A student of mine has emailed me asking if I know anything about whether in cricket a wicket is more or less likely on a hat-trick ball then on any other ball. (Note for Eric and others similarly challenged in the finer nuances of cricket, a hat-trick occurs when a bowler takes a wicket with each of three consecutive deliveries. Note for followers of other sports: this is the original use of the term "hat-trick" in sport.) The student and his flatmate have surmised that taking a wicket on a hat-trick ball is more likely than on any other randomly chosen ball. I don’t know what the data say on this, but I think the students are almost certainly right, mostly for statistical reasons. It is fun to think about how to formalise the hypothesis, and then how to test the effect of different forces. Maybe it could be a future Honours project to take this theory to the data.
Take a set of games in a particular format (say test cricket), and find the total number of deliveries and the fraction of those that resulted in the bowler being credited with a wicket. Then find the total number of deliveries in all those matches where, if the bowler had taken a wicket he would have achieved a hat-trick, and find the fraction of those deliveries where a wicket was in fact taken. Our guess is that this latter fraction will be higher than the general fraction of deliveries with wickets, and that that difference would be statistically significant. I am fairly confident about this purely because of sample selection:
- Pitches vary considerably across matches; if a bowler has already taken two wickets in two balls, it is likely that the pitch for that game (and that point in the game) is an easier one for taking wickets than the average.
- Bowlers (and their supporting fielders) vary in ability; if a bowler has already taken two wickets in two balls it is likely that he is a better bowler (with better supporting fielders) than the average.
- Batsmen vary in ability and batter ability is both correlated within the batting order and correlated within teams; if a bowler has taken two wickets in two balls it is likely that the batting team has below average quality batsmen and that it is one of the weaker batsmen in the team who is facing the hat-trick ball.
- Statistically (I can confirm this from test-cricket data), batsmen are more at risk at being dismissed early in their innings than later on; there is a high likelihood that the batsmen facing the hat-trick ball is facing his first ball of the innings.
So let’s control for these sample selection issues and consider instead a conditional probability question: Given the ability of the bowler and fielders, the batsman, how early it is in the batsman’s innings and the state of the pitch, does being on a hat-trick change the probability of a wicket? The question here becomes whether the unusual situation leads players to change their behaviour in some way. On the bowling side, the captain might set more aggressive wicket-taking fields on a hat-trick ball, but the bowler might try too hard and lose his rhythm. Similarly, the batsmen might be more conscious about not giving his wicket away, but at the same time the pressure of the situation might lead to his having leaden feet.
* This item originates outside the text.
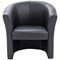 Avior Vinyl Tub Chair, Black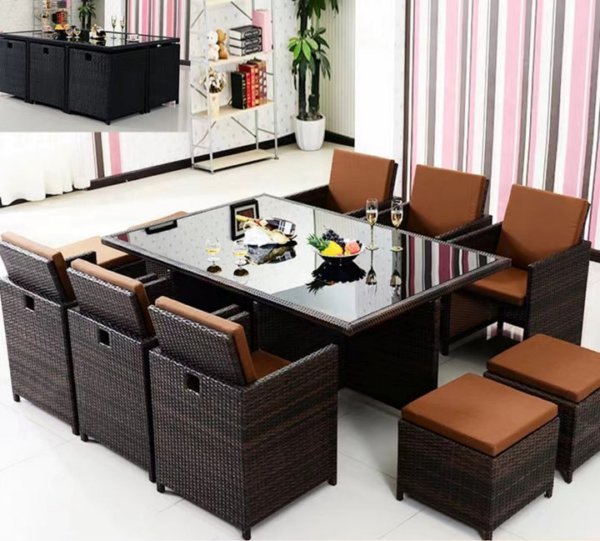 ROMO CONJUNTO A756 6sillas+2taburetes+mesa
I would expect that the psychological effect would be greater on a batsman new to the crease than a bowler who has had a chance to find his rhythm. And in test cricket, I think that batsmen are always concentrating only on wicket preservation on the first ball they face. So If I had to guess, I would say that in test cricket the net result would still be that wickets are more likely on balls where the bowler is on a hat-trick, but the effect would be very small (and probably not discernible with statistical significance in the data). In limited overs cricket, I would expect the effect to be much smaller or even zero.
Now, if only I had ball-by-ball data for the entire history of test cricket!